Which method is better? Returning a lot of repeated data or making two trips to the database?
Here is the SQL query that is generated by the Entity Framework
SELECT
[Project2].[Id] AS [Id],
[Project2].[Username] AS [Username],
[Project2].[LoweredUsername] AS [LoweredUsername],
[Project2].[CompanyId] AS [CompanyId],
[Project2].[FirstName] AS [FirstName],
[Project2].[LastName] AS [LastName],
[Project2].[Email] AS [Email],
[Project2].[C1] AS [C1],
[Project2].[UserId] AS [UserId],
[Project2].[PermissionValue] AS [PermissionValue]
FROM ( SELECT
[Limit1].[Id] AS [Id],
[Limit1].[Username] AS [Username],
[Limit1].[LoweredUsername] AS [LoweredUsername],
[Limit1].[CompanyId] AS [CompanyId],
[Limit1].[FirstName] AS [FirstName],
[Limit1].[LastName] AS [LastName],
[Limit1].[Email] AS [Email],
[Extent2].[UserId] AS [UserId],
[Extent2].[PermissionValue] AS [PermissionValue],
CASE WHEN ([Extent2].[PermissionValue] IS NULL) THEN CAST(NULL AS int) ELSE 1 END AS [C1]
FROM (SELECT TOP (1)
[Extent1].[Id] AS [Id],
[Extent1].[Username] AS [Username],
[Extent1].[LoweredUsername] AS [LoweredUsername],
[Extent1].[CompanyId] AS [CompanyId],
[Extent1].[FirstName] AS [FirstName],
[Extent1].[LastName] AS [LastName],
[Extent1].[Email] AS [Email]
FROM [dbo].[Users] AS [Extent1]
WHERE [Extent1].[LoweredUsername] = (LOWER(LTRIM(RTRIM(#p__linq__0)))) ) AS [Limit1]
LEFT OUTER JOIN [dbo].[UserPermissions] AS [Extent2] ON [Limit1].[Id] = [Extent2].[UserId]
) AS [Project2]
ORDER BY [Project2].[Id] ASC, [Project2].[C1] ASC
Thanks
Nick
It's the way how it works.
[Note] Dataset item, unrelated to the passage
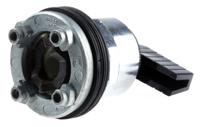 9001ks88fb Schneider Electric Harmony 9001K Series 4 Position Selector Switch Head, 30mm Cutout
Include of collections leads indeed to duplication of the columns of the parent entity (see here for great example and explanation: How many Include I can use on ObjectSet in EntityFramework to retain performance?)
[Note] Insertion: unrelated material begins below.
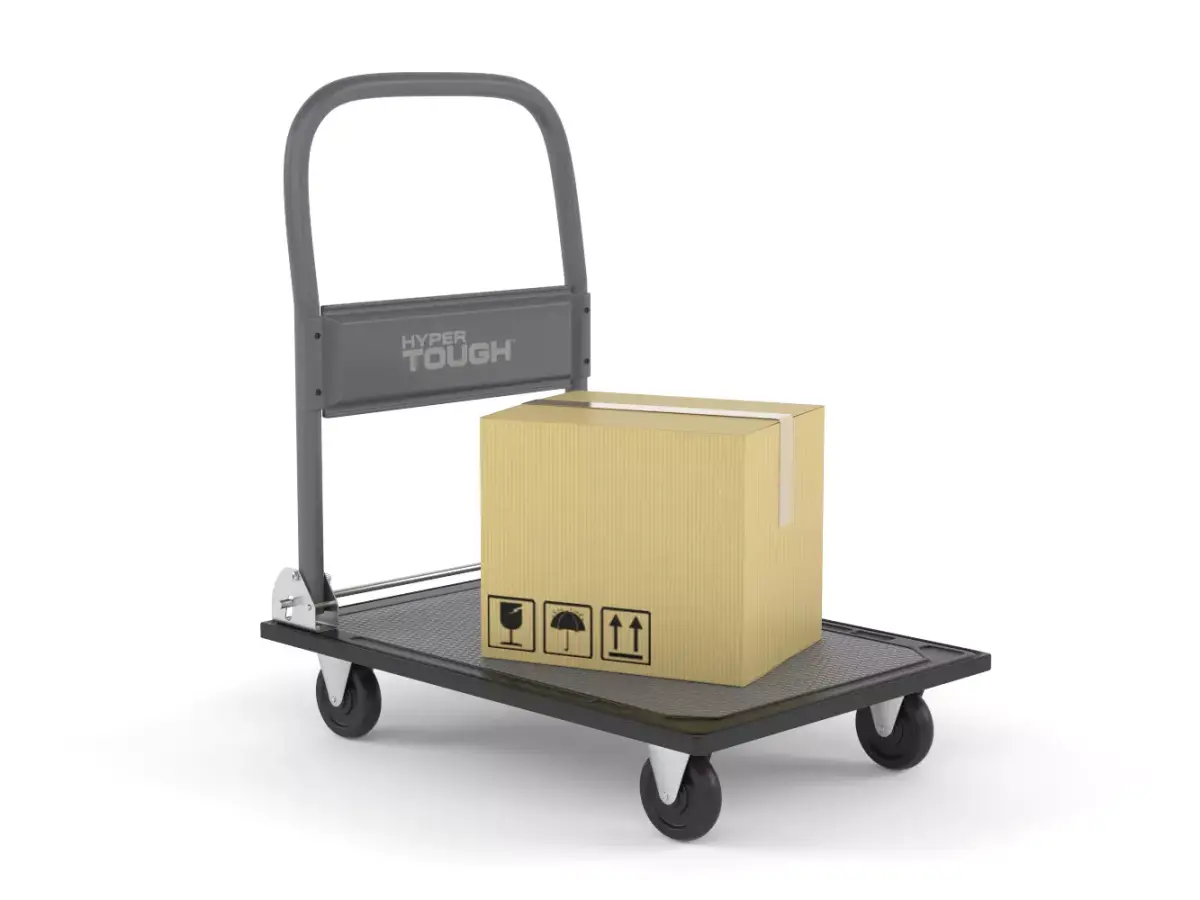 Folding Platform Truck 3D model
And you have a trade-off without a general rule which way is better: One roundtrip with Include but duplicated data or two roundtrips without duplicated data. What is better/more performant? I think you have to measure it case by case if you want an exact answer.
I could imagine that as a rule of thumb we could say: If the parent has many columns and the child collection only a few and the child collection can possibly be very long, then this is a candidate to prefer two roundtrips to avoid the data duclication.
If you don't want eager loading with Include you can either rely on lazy loading or you can use explicite loading:
User user = dbContext.Users.Where(u => u.Username.Equals(username))
.FirstOrDefault();
if (user != null)
dbContext.Entry(user).Collection(u => u.UserPermissions).Load();
return user;
Just wondering if you could do a query that selects a new object with the permisisions as a list.
this is all COMPLETELY psuedo code/untested.not compiled (so modify as you need if you try it ;) )
var userinfo = from u in dbContext.Users
Where(u => u.Username.Equals(username))
Select new { User = u, Permissions = u.UserPermissions.ToList() };
second note this is not tested or even writen in an editor to test if it compiles. Just a quick shot from the hip.
an idea to consider?
I asked similar question. There are some suggestions how to limitate duplication. But I guess it would be difficult to make Entity Framework generate those queries.